Warfare, for better or for worse, has been one of the primary drivers of technological innovation throughout human history. We have produced some weapons of dazzling complexity and ingenuity, and horrifying brutality.
Recently, the US Army, along with Bulletin of the Atomic Scientists, released a study they conducted on history’s deadliest weapons. The study examined data from real-world battles to calculate a “lethality index” for each weapon.
The index takes into account the weapon’s range, accuracy, radius of effect, rate of fire and mobility. The following results rank history’s deadliest weapons from least to most deadly.
The arquebus is history’s oldest shoulder-fired gun. By modern standards, it was primitive. But to the people who fired it, and were fired upon by it, it was devastating.

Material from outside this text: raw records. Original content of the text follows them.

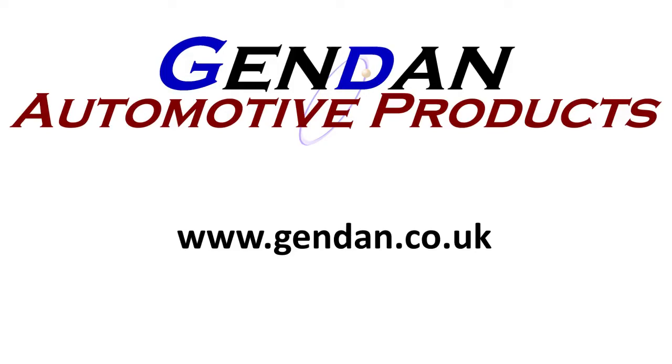But if you have any other questions or need any more help, please contact us at gendan.co.uk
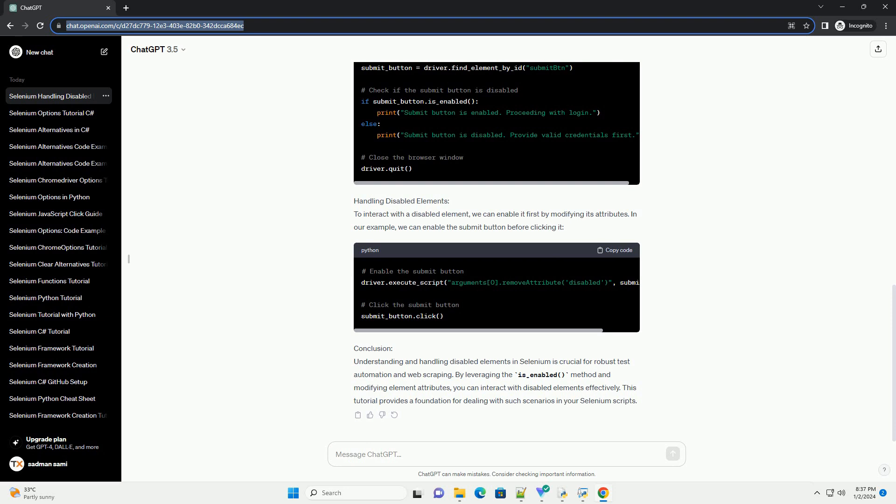A disabled element is unclickable and typically appears grayed out. To interact with disabled elements using Selenium, we need to identify and handle them appropriately.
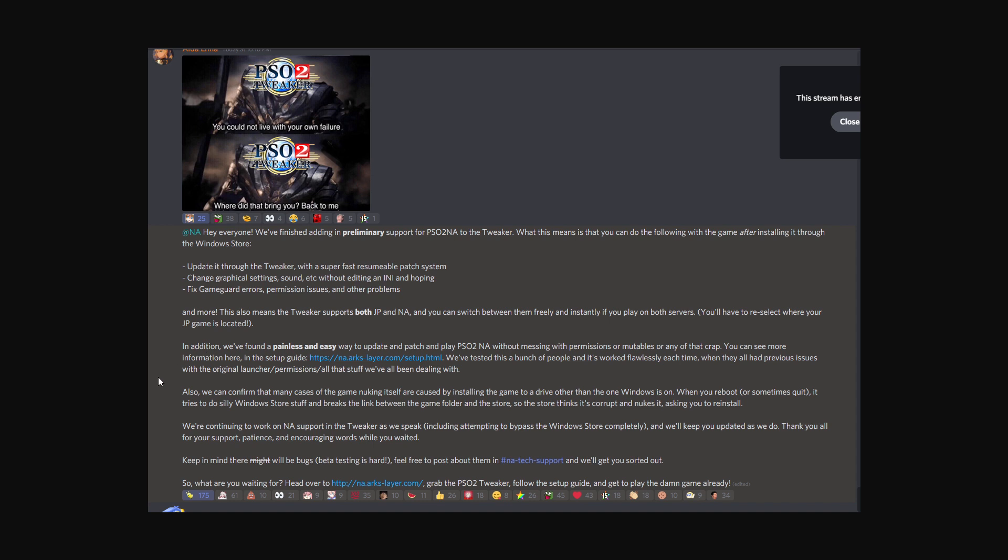Change graphical settings, sounds, etc. without editing the INIs. It also fixes game guard errors, permission issues, and other problems.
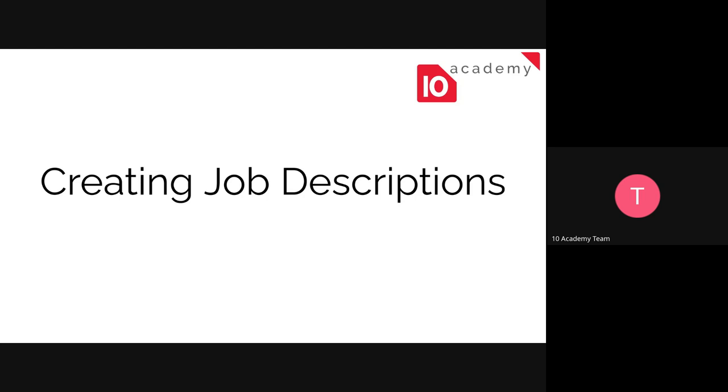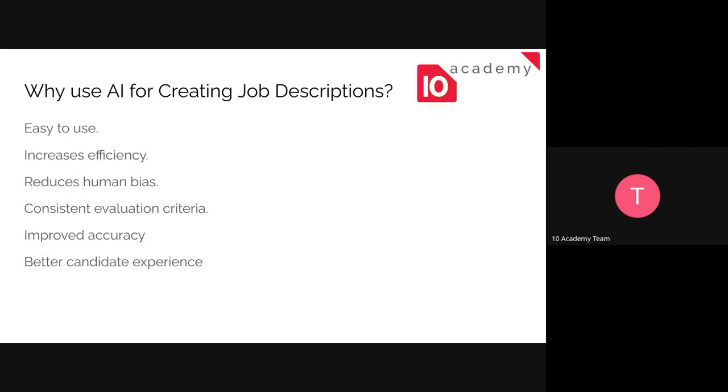So if you have any questions, just raise your hands or just open your mic and speak. So the first thing is, why would we use AI to create job descriptions? So the first thing is, it's very easy. You can do it in seconds or minutes. You increase your efficiency. It reduces the human bias and it gives us a consistent criteria every time, improved accuracy, and better candidate experience.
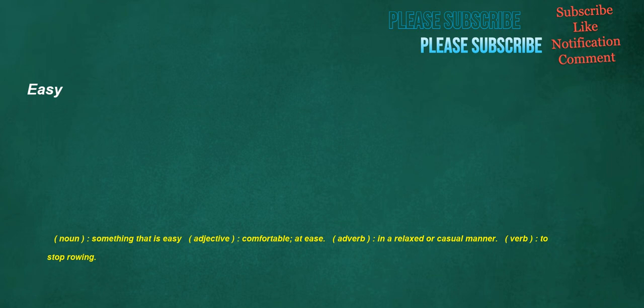Easy. Noun: Something that is easy. Adjective: Comfortable, at ease. Adverb: In a relaxed or casual manner. Verb: To stop rowing. Need. Noun: A requirement for something, something needed.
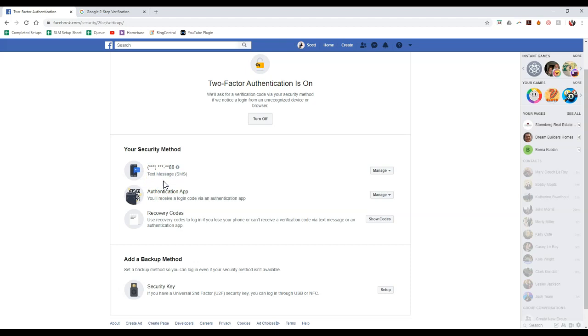That'll give you about a six digit code that you can use to sign in only if you're on an unrecognized device. So I just want to give you a heads up. That'll help out tremendously. So that's how you can set this up on Facebook.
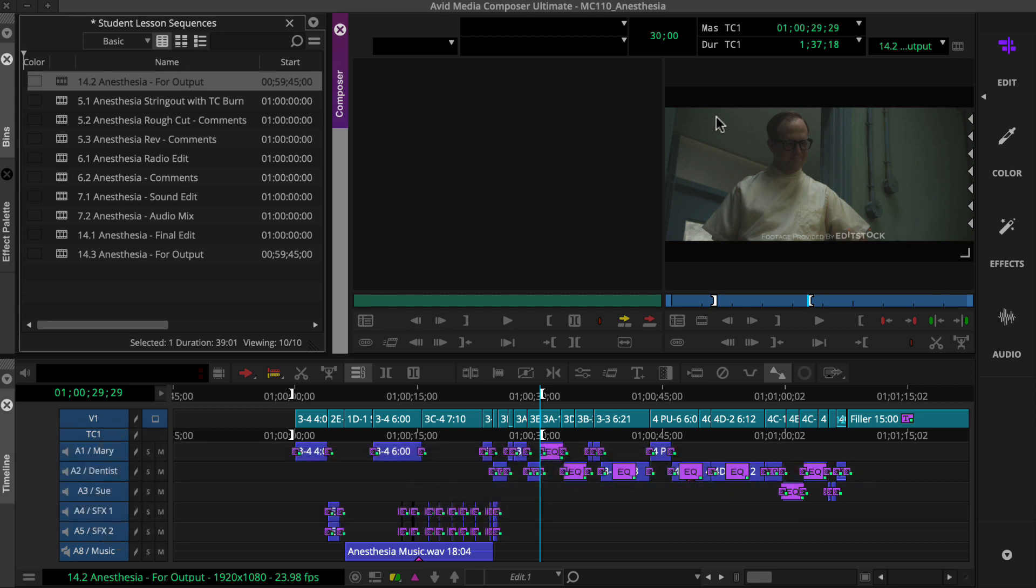Let's look at how to test an export setting and save it as a template. Just a reminder, before you create an export template, be sure to verify your delivery specifications. For this video, we'll use a broadcast delivery spec.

It was invented in Spain during the 15th Century. It was so heavy that shooters had to rest the gun on a fork to support it while firing.
Despite its weight, it was not expensive to manufacture. It spread rapidly around the globe. It did, however, have limitations. It could take up to an entire minute to load and was so loud that it could permanently deafen the people who fired it. It was also only accurate at short range.
Lethality Index: 10
The sword is one of humankind’s oldest weapons. Swords appear in the historical record all the way back to 3300 BC.
Swords were not commonly used, however, until many centuries later.
While it was the weapon of choice for hundreds of years, swords are limited by the skills of the people who wield them, as well as their exclusive utility as hand-to-hand combat weapons.